▶ **EXERCISE AIM**
What lines below include the string "white"? Pick them out and copy them.

▶ **DATA SUPPLIED**
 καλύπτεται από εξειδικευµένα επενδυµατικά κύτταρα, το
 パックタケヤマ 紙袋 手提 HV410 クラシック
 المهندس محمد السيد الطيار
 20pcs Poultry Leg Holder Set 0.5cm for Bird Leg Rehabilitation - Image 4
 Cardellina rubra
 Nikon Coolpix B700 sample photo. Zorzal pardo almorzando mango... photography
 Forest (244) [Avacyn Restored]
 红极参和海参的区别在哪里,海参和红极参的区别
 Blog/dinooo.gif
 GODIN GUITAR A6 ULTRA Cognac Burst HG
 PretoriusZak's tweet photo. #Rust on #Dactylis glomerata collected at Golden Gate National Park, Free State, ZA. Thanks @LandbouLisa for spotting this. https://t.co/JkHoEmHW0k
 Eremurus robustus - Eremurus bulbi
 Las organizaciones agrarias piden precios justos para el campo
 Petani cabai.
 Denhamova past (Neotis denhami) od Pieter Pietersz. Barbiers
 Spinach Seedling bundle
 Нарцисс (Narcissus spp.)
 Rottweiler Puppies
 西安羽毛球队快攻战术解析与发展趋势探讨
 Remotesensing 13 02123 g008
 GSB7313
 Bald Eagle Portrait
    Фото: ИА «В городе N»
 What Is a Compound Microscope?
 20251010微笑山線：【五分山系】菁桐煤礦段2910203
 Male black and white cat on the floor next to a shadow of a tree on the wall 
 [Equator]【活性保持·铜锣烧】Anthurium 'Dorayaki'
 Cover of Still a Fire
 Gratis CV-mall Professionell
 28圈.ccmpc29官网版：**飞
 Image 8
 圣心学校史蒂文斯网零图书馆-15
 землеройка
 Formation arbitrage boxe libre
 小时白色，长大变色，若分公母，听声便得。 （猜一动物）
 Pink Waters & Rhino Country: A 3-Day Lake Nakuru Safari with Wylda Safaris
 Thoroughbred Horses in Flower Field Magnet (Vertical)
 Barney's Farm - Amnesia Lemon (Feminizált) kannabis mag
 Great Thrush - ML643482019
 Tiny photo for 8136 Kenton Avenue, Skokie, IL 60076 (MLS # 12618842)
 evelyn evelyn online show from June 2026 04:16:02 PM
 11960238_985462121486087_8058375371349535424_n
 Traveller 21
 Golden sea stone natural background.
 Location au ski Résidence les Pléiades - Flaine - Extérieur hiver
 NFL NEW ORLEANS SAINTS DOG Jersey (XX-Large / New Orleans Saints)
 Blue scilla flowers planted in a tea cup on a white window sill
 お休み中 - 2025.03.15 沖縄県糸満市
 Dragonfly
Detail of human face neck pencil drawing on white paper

▶ **THE COMPLETED TASK**
 Male black and white cat on the floor next to a shadow of a tree on the wall 
 Blue scilla flowers planted in a tea cup on a white window sill
Detail of human face neck pencil drawing on white paper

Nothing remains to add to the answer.